## What to do
Below are some entries. Repeat exactly the lines from the one with "Jay Clayton at" through the one with "Chanel Baguette Crystal", and only those.

○ ○ ○ ○ ○

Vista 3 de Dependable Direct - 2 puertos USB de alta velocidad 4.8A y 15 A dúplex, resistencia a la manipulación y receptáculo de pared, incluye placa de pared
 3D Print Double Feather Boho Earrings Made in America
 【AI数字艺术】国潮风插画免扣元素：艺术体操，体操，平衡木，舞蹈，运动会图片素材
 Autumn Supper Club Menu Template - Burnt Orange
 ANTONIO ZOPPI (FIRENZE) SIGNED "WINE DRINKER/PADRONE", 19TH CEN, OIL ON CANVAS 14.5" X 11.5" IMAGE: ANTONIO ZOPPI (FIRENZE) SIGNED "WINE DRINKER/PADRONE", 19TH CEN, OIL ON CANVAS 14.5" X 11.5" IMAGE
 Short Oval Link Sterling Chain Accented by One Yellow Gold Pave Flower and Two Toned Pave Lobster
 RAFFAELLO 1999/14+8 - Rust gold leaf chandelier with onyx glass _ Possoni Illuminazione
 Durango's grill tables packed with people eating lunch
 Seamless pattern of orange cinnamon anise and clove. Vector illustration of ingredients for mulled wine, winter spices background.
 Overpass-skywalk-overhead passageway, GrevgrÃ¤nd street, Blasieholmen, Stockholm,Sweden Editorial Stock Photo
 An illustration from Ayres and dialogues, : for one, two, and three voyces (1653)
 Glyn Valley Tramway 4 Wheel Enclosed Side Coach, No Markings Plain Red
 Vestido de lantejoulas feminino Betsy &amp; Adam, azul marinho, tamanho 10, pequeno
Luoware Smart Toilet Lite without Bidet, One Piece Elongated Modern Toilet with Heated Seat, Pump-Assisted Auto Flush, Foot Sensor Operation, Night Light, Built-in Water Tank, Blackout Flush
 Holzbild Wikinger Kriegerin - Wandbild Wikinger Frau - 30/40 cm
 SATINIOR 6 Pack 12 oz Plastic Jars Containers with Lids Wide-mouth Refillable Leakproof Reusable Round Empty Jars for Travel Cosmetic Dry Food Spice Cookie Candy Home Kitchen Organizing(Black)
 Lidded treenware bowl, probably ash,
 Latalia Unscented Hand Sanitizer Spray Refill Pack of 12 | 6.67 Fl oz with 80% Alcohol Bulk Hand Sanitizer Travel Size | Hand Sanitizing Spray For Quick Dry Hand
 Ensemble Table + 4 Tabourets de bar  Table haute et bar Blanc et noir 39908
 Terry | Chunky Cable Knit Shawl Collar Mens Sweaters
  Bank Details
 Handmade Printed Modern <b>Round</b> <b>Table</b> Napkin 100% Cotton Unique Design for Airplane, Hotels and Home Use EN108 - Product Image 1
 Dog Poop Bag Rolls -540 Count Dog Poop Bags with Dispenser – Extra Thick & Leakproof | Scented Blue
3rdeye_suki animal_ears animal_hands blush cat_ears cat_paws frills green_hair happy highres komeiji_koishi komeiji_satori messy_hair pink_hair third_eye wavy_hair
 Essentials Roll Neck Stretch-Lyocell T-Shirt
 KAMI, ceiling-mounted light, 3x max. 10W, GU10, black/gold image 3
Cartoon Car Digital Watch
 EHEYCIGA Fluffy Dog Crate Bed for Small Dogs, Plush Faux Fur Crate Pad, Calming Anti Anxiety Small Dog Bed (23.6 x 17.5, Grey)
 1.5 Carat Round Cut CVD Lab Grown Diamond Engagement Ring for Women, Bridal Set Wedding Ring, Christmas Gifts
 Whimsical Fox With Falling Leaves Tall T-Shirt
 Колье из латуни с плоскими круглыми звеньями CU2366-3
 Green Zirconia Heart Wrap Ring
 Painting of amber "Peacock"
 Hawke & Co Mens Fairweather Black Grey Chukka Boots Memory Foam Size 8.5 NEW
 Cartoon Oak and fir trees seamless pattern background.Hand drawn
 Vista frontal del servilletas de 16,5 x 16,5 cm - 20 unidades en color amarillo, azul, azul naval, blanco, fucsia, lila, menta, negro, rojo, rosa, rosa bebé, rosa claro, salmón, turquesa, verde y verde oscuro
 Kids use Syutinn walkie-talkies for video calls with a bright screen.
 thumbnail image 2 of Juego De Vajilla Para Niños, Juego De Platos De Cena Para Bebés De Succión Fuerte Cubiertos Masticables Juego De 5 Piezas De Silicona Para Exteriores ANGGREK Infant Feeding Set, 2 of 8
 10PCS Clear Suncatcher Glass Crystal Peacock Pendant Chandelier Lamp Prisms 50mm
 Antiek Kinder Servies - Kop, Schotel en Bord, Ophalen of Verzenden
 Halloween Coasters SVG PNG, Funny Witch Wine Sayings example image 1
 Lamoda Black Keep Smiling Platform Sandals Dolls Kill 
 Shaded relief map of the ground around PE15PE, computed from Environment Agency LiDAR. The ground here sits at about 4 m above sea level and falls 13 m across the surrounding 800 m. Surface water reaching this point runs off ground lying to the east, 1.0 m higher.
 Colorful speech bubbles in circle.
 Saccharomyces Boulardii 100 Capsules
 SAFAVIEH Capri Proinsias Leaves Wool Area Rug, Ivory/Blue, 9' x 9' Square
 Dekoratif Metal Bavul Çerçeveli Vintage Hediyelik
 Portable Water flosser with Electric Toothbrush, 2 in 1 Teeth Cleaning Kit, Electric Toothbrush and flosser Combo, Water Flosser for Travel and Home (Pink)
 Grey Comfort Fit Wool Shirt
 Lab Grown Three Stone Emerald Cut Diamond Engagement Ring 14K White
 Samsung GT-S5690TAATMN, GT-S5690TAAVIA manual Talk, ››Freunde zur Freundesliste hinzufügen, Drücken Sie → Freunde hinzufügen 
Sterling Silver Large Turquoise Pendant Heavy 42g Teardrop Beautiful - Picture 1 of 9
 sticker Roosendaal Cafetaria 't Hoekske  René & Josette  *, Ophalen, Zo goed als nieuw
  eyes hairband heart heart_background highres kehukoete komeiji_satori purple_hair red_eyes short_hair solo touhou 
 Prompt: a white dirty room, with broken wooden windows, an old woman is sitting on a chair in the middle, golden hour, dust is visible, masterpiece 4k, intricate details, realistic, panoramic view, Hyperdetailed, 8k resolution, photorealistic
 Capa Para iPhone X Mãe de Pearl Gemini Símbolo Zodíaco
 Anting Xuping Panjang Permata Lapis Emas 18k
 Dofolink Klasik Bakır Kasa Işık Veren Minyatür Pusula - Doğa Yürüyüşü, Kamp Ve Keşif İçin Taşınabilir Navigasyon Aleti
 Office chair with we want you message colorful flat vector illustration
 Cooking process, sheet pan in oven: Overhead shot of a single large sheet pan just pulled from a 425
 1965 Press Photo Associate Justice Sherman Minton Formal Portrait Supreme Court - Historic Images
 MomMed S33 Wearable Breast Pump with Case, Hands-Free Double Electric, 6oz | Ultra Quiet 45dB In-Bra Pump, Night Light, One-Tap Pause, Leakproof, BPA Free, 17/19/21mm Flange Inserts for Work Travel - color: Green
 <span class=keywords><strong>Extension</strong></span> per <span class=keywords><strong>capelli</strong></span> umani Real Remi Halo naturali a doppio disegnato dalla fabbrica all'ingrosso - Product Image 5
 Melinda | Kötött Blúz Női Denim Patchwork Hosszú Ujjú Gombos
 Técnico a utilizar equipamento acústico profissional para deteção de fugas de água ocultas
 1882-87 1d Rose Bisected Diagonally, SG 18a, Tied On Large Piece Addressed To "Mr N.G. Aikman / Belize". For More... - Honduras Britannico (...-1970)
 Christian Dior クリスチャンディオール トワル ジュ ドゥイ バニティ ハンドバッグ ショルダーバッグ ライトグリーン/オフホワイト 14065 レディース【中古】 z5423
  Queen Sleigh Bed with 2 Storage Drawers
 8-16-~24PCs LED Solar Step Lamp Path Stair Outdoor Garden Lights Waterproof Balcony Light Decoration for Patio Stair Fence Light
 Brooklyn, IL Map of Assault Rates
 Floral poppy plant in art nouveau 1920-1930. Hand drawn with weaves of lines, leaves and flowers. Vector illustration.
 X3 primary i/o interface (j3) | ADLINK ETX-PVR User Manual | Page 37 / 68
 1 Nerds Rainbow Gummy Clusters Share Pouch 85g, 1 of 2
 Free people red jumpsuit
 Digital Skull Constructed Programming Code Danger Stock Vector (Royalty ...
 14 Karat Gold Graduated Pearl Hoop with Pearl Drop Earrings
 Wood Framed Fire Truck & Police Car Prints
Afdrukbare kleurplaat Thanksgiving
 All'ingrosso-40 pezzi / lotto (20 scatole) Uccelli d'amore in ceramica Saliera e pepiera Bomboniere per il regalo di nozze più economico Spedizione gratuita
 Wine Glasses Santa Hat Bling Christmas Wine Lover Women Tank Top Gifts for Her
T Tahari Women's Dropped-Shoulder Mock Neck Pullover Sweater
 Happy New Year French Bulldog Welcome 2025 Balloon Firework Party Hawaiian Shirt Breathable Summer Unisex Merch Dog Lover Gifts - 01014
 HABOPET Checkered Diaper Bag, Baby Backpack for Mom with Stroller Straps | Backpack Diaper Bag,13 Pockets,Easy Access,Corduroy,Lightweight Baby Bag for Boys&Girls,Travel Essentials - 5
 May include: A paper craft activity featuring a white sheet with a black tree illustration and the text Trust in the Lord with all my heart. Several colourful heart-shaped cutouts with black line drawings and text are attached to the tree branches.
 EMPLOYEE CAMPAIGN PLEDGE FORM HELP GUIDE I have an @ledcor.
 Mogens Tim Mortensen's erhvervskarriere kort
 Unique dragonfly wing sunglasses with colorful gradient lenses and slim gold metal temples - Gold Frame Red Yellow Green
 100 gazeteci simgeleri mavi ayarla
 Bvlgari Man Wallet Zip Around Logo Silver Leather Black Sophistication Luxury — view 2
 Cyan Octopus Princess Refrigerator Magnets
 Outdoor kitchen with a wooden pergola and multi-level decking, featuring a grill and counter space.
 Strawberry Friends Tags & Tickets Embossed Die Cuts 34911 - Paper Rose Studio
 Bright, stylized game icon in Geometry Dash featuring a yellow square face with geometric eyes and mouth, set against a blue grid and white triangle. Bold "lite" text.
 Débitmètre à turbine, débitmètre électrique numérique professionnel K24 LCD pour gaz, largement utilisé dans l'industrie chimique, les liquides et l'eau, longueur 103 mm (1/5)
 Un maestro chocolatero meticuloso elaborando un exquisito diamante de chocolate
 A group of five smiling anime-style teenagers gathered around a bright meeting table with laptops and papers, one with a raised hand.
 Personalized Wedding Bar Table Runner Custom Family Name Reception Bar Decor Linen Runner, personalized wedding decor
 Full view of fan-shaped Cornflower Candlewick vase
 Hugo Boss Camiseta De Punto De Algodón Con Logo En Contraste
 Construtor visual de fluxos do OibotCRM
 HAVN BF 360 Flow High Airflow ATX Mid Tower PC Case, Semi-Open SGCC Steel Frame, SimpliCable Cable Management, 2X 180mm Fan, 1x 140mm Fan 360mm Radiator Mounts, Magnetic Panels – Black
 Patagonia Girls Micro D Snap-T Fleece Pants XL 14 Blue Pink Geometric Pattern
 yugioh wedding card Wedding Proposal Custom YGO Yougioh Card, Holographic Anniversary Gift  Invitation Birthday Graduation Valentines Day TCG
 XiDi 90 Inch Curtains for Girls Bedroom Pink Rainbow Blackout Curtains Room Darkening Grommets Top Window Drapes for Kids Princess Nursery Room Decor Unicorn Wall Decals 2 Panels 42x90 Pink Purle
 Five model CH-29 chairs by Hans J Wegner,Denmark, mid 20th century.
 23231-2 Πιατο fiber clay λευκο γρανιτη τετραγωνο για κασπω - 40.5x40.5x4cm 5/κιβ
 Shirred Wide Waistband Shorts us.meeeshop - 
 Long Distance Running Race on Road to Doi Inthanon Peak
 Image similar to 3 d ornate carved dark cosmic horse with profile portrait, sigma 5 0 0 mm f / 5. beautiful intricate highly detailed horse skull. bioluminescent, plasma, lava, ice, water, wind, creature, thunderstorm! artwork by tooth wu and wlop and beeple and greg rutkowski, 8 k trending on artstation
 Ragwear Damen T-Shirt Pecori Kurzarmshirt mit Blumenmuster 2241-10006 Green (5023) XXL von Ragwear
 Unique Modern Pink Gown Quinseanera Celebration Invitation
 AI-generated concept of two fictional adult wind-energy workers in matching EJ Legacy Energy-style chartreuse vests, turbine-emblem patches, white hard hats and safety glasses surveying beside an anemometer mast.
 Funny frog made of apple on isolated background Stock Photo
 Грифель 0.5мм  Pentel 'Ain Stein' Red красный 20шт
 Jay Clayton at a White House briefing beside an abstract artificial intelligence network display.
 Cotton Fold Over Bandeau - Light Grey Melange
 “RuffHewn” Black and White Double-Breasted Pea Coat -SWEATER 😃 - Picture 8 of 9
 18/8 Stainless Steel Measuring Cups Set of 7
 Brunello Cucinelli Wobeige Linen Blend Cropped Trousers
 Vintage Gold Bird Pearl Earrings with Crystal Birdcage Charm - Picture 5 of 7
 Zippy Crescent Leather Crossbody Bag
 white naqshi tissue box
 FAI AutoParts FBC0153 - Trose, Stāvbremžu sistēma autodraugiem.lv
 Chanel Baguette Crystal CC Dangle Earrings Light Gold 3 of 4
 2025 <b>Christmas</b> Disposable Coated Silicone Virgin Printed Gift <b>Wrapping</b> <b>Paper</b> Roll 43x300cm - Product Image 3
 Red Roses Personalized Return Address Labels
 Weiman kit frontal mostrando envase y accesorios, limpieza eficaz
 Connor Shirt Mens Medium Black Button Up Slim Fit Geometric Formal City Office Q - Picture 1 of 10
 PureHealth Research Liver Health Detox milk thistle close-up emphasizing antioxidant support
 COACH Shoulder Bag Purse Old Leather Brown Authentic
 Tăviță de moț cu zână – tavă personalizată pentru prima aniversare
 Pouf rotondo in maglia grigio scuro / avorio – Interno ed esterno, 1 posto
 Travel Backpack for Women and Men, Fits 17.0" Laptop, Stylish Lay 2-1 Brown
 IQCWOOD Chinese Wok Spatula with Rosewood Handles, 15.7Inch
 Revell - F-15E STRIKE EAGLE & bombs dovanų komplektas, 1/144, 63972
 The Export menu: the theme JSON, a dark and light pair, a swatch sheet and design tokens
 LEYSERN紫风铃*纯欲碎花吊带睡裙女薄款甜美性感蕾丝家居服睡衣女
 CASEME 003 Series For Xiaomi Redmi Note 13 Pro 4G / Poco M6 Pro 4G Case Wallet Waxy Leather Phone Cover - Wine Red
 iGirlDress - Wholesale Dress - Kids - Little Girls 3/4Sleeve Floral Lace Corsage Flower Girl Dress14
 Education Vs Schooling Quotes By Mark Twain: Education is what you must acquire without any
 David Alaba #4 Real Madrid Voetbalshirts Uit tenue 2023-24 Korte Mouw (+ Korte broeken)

○ ○ ○ ○ ○

## Result of this task
 Jay Clayton at a White House briefing beside an abstract artificial intelligence network display.
 Cotton Fold Over Bandeau - Light Grey Melange
 “RuffHewn” Black and White Double-Breasted Pea Coat -SWEATER 😃 - Picture 8 of 9
 18/8 Stainless Steel Measuring Cups Set of 7
 Brunello Cucinelli Wobeige Linen Blend Cropped Trousers
 Vintage Gold Bird Pearl Earrings with Crystal Birdcage Charm - Picture 5 of 7
 Zippy Crescent Leather Crossbody Bag
 white naqshi tissue box
 FAI AutoParts FBC0153 - Trose, Stāvbremžu sistēma autodraugiem.lv
 Chanel Baguette Crystal CC Dangle Earrings Light Gold 3 of 4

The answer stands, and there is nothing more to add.